|Photo credit: http://howafrica.com|
One of our Beta Girls who got raped by her boyfriend shared her experience with us. This is what she wrote:
"Rape does not always leave you physically bruised. That feeling of invasion and loss of self worth that comes with unwanted intercourse takes longer to heal than the physical bruises. Your mind and body are the only things that belong solely to you on this earth... Most other things, you share with others. When someone violates your body or mind; that is the worst kind of pain. That moment you feel like even your body is not yours.
I know this because I have been there. I dated this guy for two years and we even started talking about marriage... but something just wasn't right. I felt like he didn't listen to me, ever! He would ask me about stuff I had told him about several times and because I thought I loved him, I would brush off the warning signs. But he ALWAYS wanted to have sex with me... and while I found this annoying.. most people, him included tried to convince me that it was a testament to my worth or beauty as a woman and showed how much he loved me. But that didn't make me feel beautiful...
I love to read and watch biographies and documentaries and have challenging discussions...none of which we did together. At some point I convinced myself that if I just let him get done with the sex, then we could do other things... still, it was all about how he couldn't control himself around me. I started to feel more like a thing and less like a person.
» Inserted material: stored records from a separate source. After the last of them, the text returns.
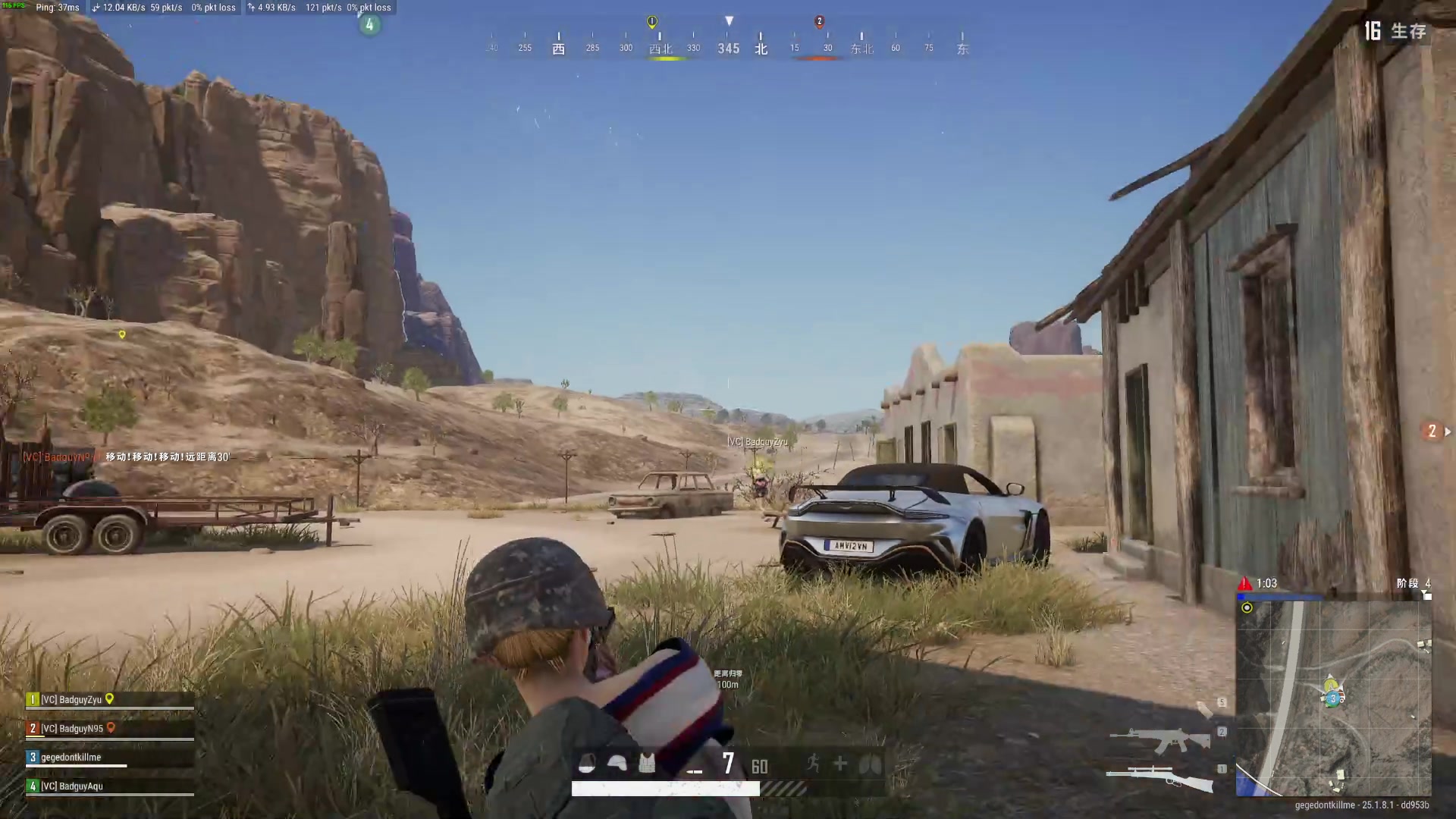 【2023-08-12 22点场】BLUE呀丶：今天巅峰赛猪猪 技术粉进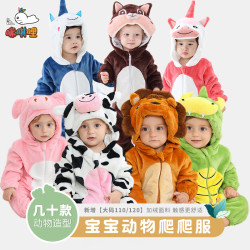 咪唭哩動物造型爬服嬰幼童A類法蘭絨爬服兒童法蘭絨連體衣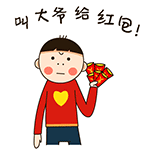 RedEnvelopeBoy messages sticker-7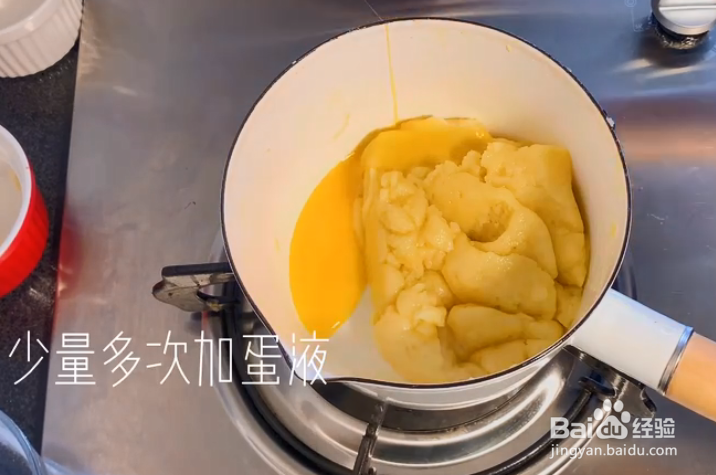 制作酥皮奶油泡芙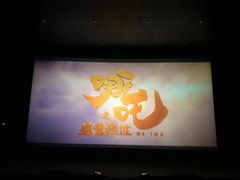 -中国科学技术馆影院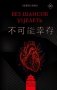 Без шансов уцелеть фото книги маленькое 2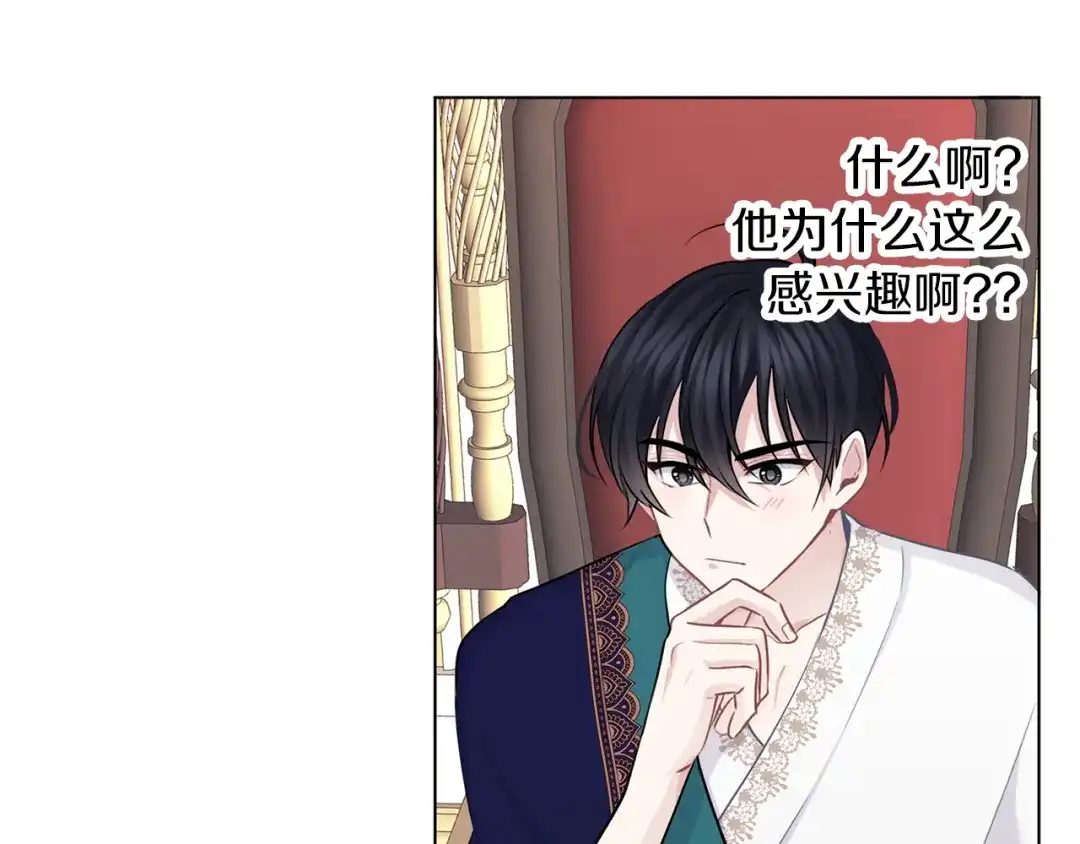 《养大被吃掉》第59话 果然有趣 第42页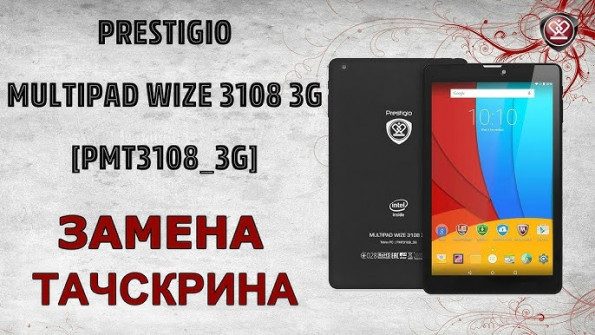 Prestigio multipad wize 3108 3g pn80a03g pmt3108 root -  updated May 2024 | page 2 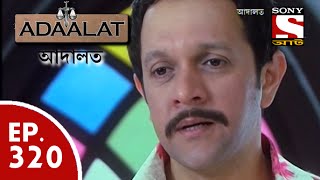 Adaalat  আদালত Bengali  Ep 320  Antiques Shop on Fire Part2 [upl. by Yvor]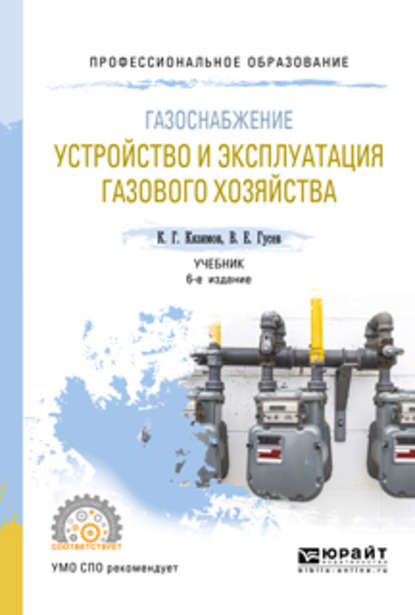 Газоснабжение: устройство и эксплуатация газового хозяйства 6-е изд., испр. и доп. Учебник для СПО - К. Г. Кязимов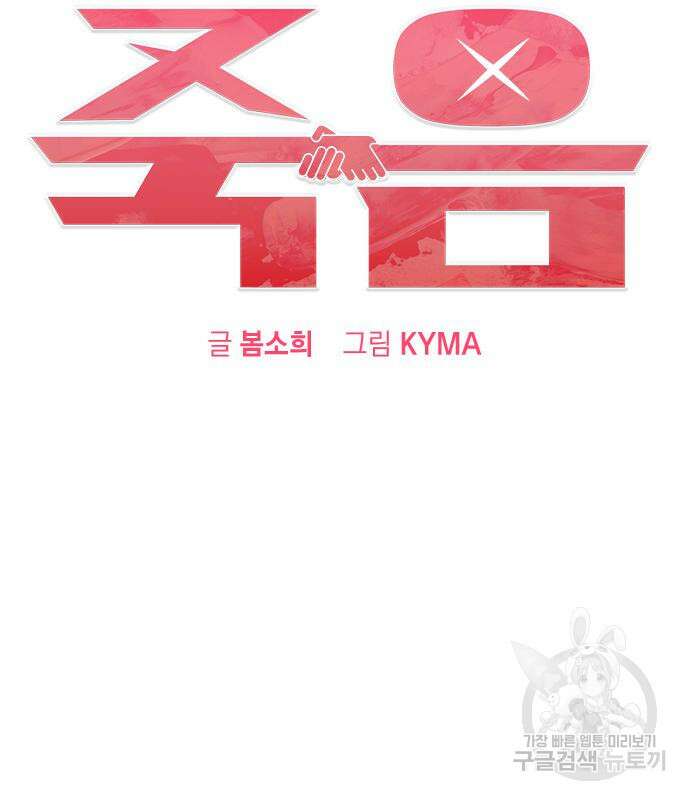 헤어지면 죽음 72화 30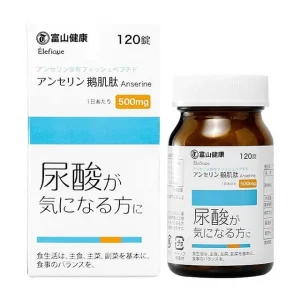 富山藥品 甲肌肽(鵝肌肽)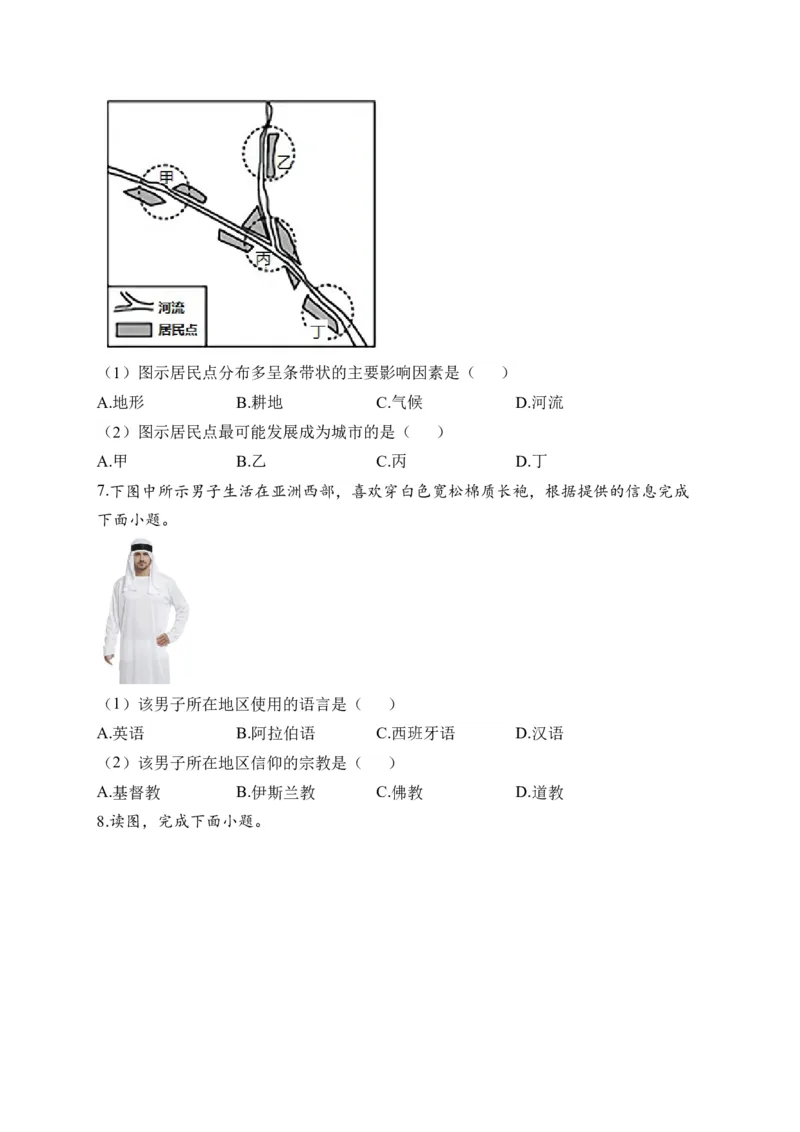 2023届中考地理高频考点综合练习：专题五居民与聚落（1）（含解析）_7地理中考复习_2023年中考复习资料_一轮复习_2023届中考地理一轮高频考点综合练习（含解析）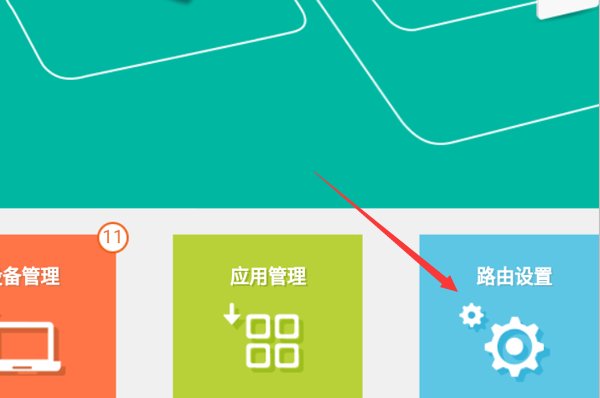 手机怎么登陆192.168.0.1设置无线网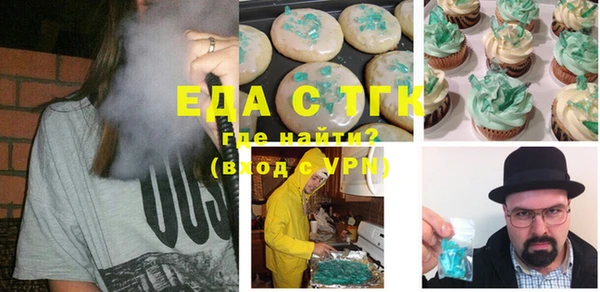 мефедрон мука Елабуга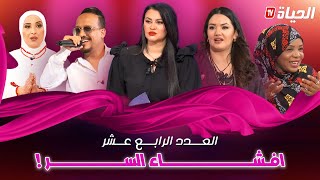 تولك نسوان I  العدد الرابع عشر I إفشاء السر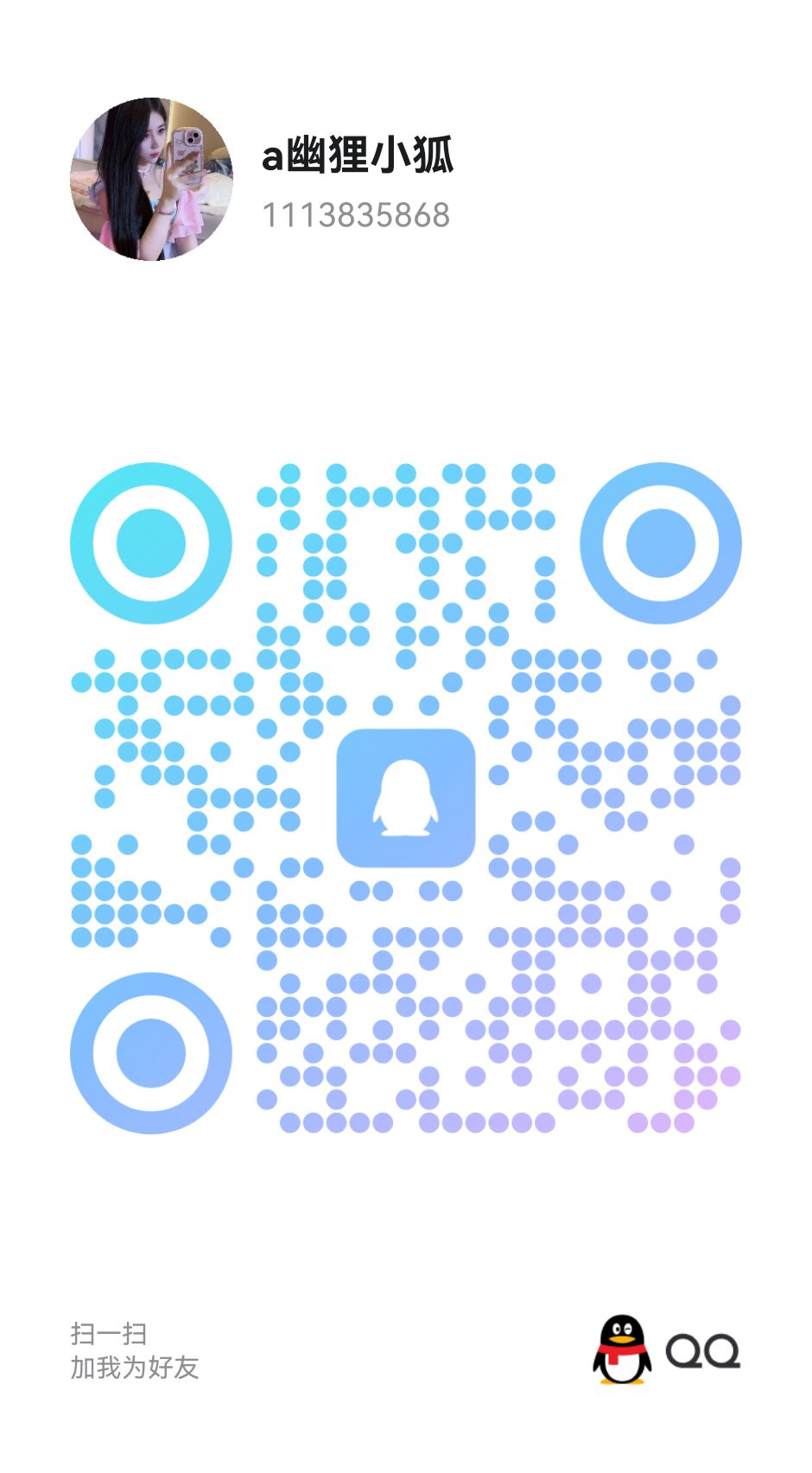 20250722-245446.jpg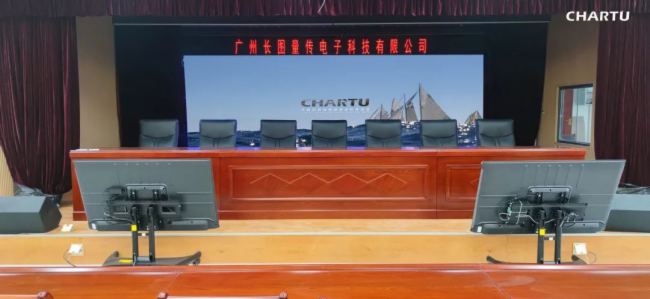 會八方英才 商風云變幻 | CHARTU長圖賦能人民氣象事業發祥地——延安氣象局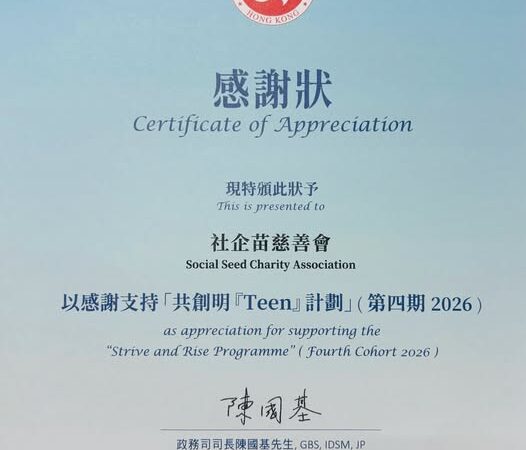 社企苗慈善會榮幸成為由政務司司長陳國基先生GBS，IDSM，JP領導的「共創明Teen計劃」（第四期2026）支持機構，積極投入培育本地青年發展。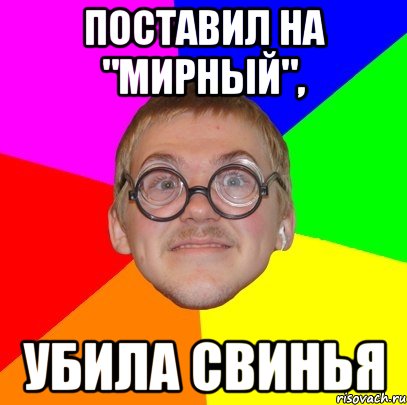 Поставил на "мирный", убила свинья, Мем Типичный ботан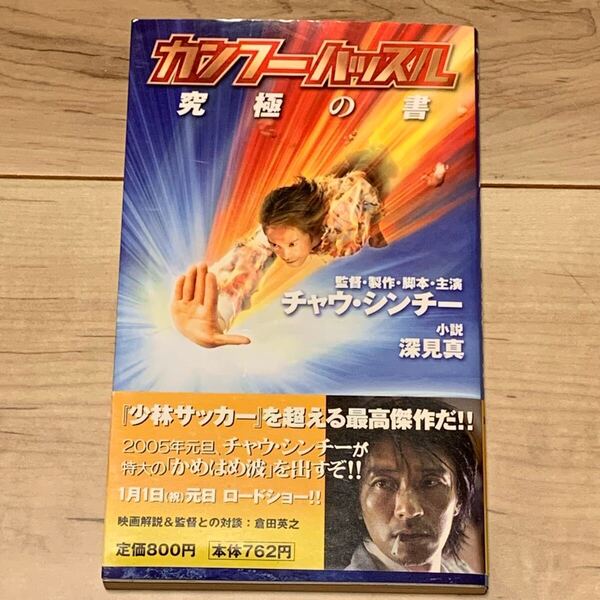 初版帯付 カンフーハッスル 究極の書 チャウ・シンチー 小説 深見真 スーパーダッシュ文庫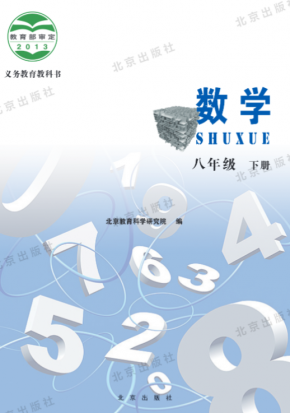 北京版初中数学八年级下册电子课本高清PDF下载
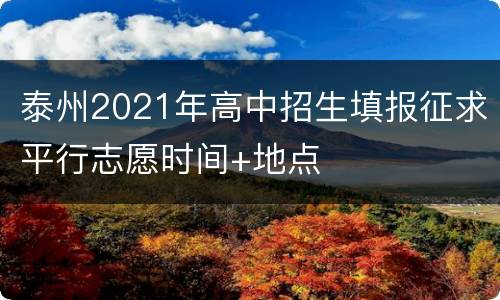 泰州2021年高中招生填报征求平行志愿时间+地点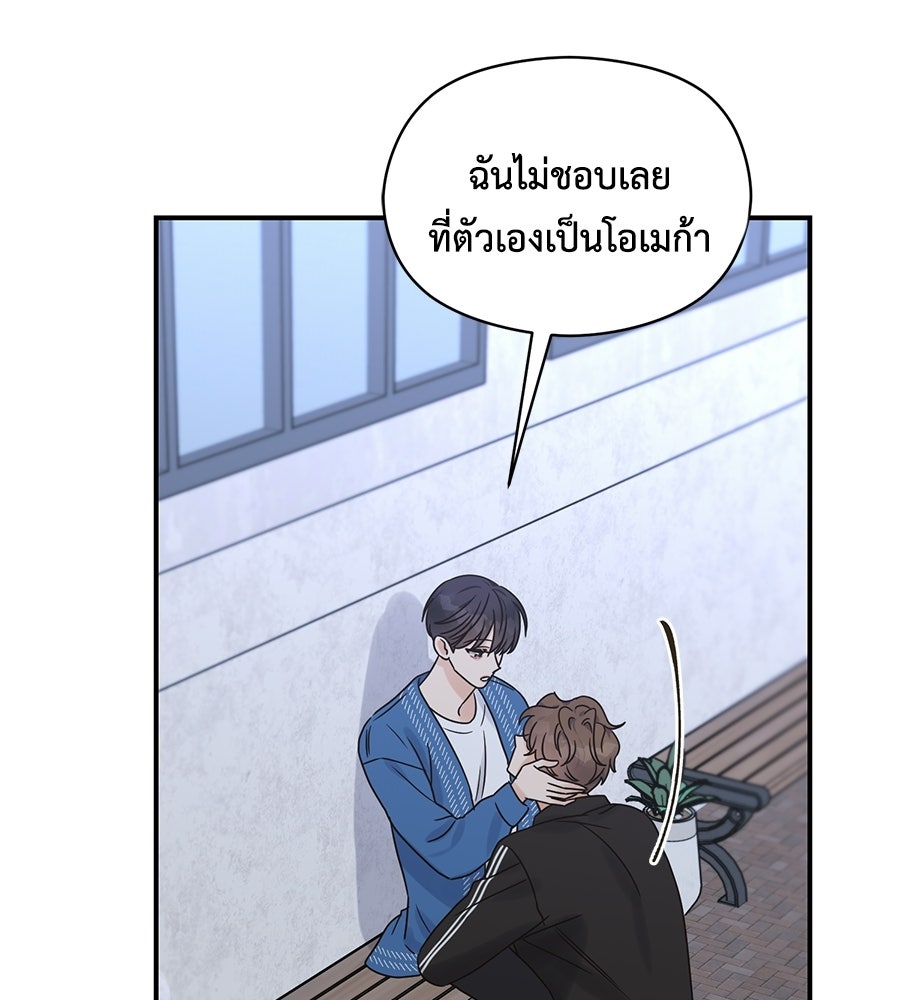 ปมรักโอเมก้า - หน้า 41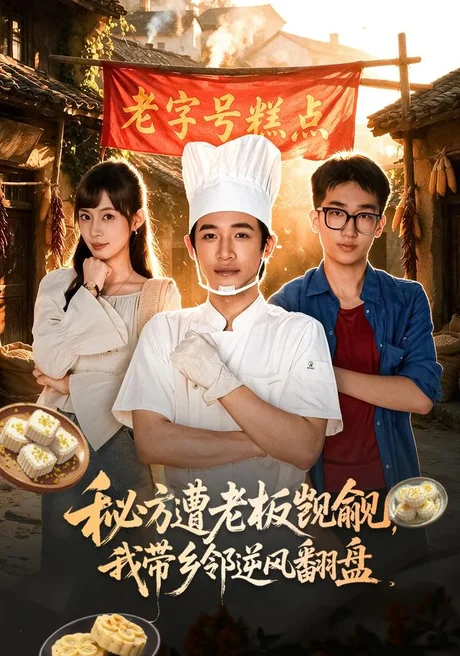秘方遭老板觊觎,我带乡邻逆风翻盘(41集)谢瀚杰&王逸燕 (2026) 秘方遭老板觊觎,我带乡邻逆风翻盘(41集)谢瀚杰&王逸燕 (2026)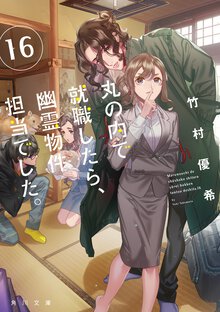 丸の内で就職したら、幽霊物件担当でした。 １６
When we would fight... he would assume that a picture or a kiss meant the problem magically disappeared... and why I stayed so long... I honestly cannot explain. In hindsight I feel like the movies and reality shows and even our environment have predisposed us to think that as long as a man desires you, then the relationship is cool.
I finally got the courage to confront him and break up with him. I do not think he ever understood the issue anyway... but we went our separate ways for a while. Then he came back and swore he had changed and of course I forgave him and we spoke and set boundaries. Then one night he came to visit and of course I was happy to see him. I was on my period so I was like... even if he tries... I am protected... That turned out to be the biggest mistake of my life... he had not changed and I realized that I had given someone else the power to invade my innermost self without permission. No amount of screaming and crying and saying NO! was going to help me. When he was done he said "take a shower, you are bleeding"... I was in total shock.
I blamed him, I blamed his parents, I blamed myself for letting it happen... but then I realized no amount of blaming would help me. I had to act and so I vowed to take the power back! I had been a victim for too long. It was time to fight back.
No one would ever have that power over me again. What makes me beautiful is not how desirable I am to a man but how I feel about myself. To the world I was this amazing, intelligent, hardworking, caring person... but in that relationship I became a set of boobs and a piece of ass. So of course he would think he can use it anytime, whether I wanted to or not.
This is the first time I am actually telling this story and I consider myself lucky for haven escaped such a toxic environment. I am still not over it... but hey.. I know I am strong and I can do this and so can you! Its up to you and I to determine what we accept and what we would not take. It takes forever to wipe that feeling of worthlessness from your mind... a daily struggle, but it is Worth it... so do not stay there... it's OK to leave! You are not responsible for how he behaves... but you are certainly responsible for your response to him.
Today I stand with all women who have suffered any sort of violence or violation and I say we stand strong."